I was inspired by Emilia Petrarca of Shop Rat who was inspired by Young Kim, author of My Year On Earth With Mr. Hell, to keep an outfit diary of sorts. When I try to write about clothes I feel a knee jerk reaction to defend my interest in fashion, like someone reading this will yell at me about all the ways clothes are frivolous and consumption is bad and caring about what you look like is shallow. To that I say: yes, and yet. Yes, all of that is true and yet clothes are fun and we are all on this planet for a short amount of time, we may as well enjoy ourselves.

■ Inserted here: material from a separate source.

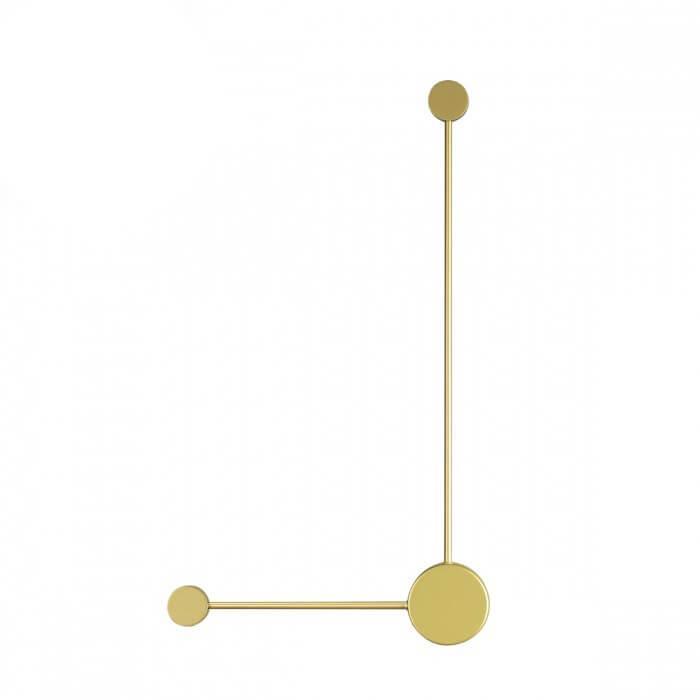 Картинка Настенный светодиодный светильник Odeon Light Hightech Satellite 3900/10WG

A Saturday morning pilates class always sounds more fun the Thursday night you book it instead of during the drive to the studio, eyes puffy and headache looming. I had people over for dinner the night before— I made brunch and it was delicious— and forgot that my mid-week self had higher hopes for my Saturday morning productivity levels. Nonetheless, I left the class feeling sufficiently cleansed, sweaty, and optimistic about the day. I got home and decided to forgo the shower, opting instead to squeeze into a pair of bubblegum pink linen shorts and a multicolored cropped top which was, in hindsight, entirely too tight of an outfit for the farmer’s market on a 95° day. This is my summer of flip flops, I’ve decided, because I spent my Saturday shuffling along the farmer’s market and delighting in the sound they make on hot pavement. My dear friend Schuyler says that a farmer’s market is just an opportunity to look like an off duty model and well… she’s right.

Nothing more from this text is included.